Instructions for the task: Would you copy the listing below exactly, keeping the pictures out?

== Provided material ==

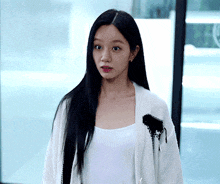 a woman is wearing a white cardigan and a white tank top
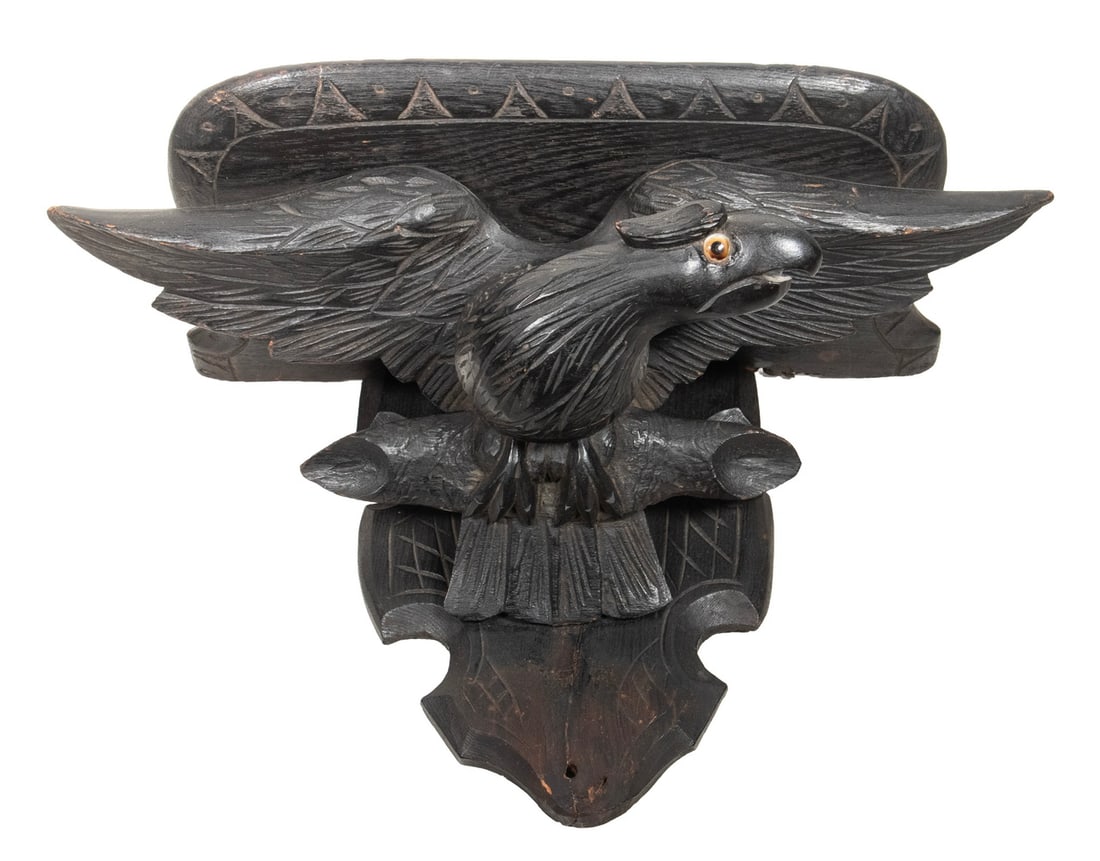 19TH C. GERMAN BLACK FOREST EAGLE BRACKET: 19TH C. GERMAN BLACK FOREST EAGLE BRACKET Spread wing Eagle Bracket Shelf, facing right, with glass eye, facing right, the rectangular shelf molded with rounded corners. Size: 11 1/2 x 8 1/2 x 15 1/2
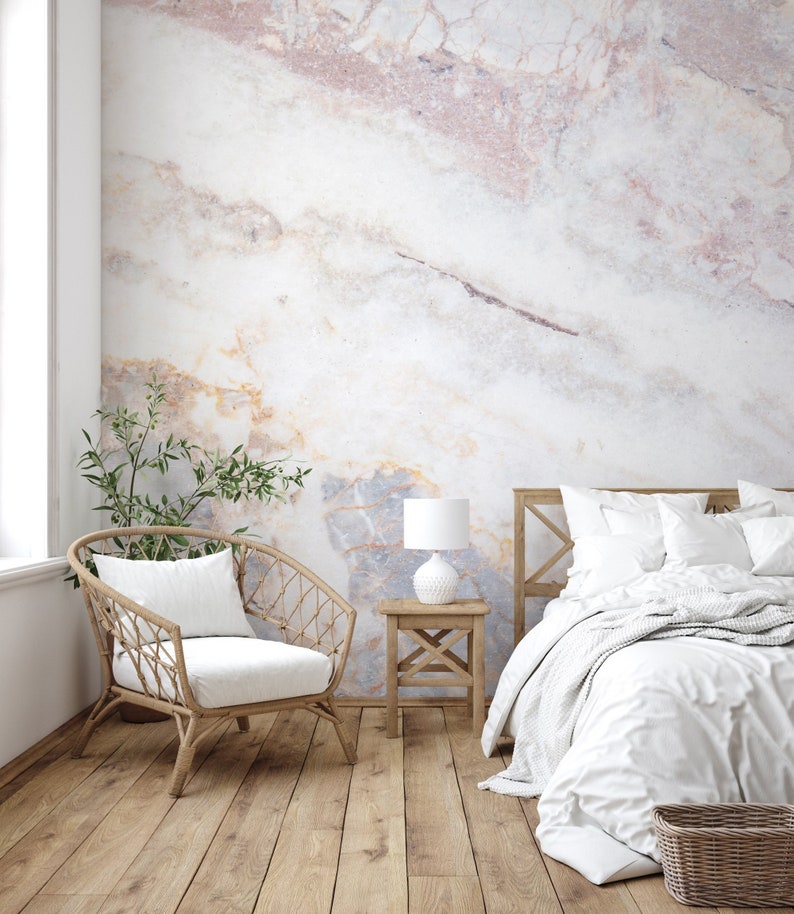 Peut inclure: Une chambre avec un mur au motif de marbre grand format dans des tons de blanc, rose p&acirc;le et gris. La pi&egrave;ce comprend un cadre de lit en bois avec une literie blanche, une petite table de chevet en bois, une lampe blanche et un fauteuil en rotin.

===

Expected answer:
 a woman is wearing a white cardigan and a white tank top
 19TH C. GERMAN BLACK FOREST EAGLE BRACKET: 19TH C. GERMAN BLACK FOREST EAGLE BRACKET Spread wing Eagle Bracket Shelf, facing right, with glass eye, facing right, the rectangular shelf molded with rounded corners. Size: 11 1/2 x 8 1/2 x 15 1/2
 Peut inclure: Une chambre avec un mur au motif de marbre grand format dans des tons de blanc, rose p&acirc;le et gris. La pi&egrave;ce comprend un cadre de lit en bois avec une literie blanche, une petite table de chevet en bois, une lampe blanche et un fauteuil en rotin.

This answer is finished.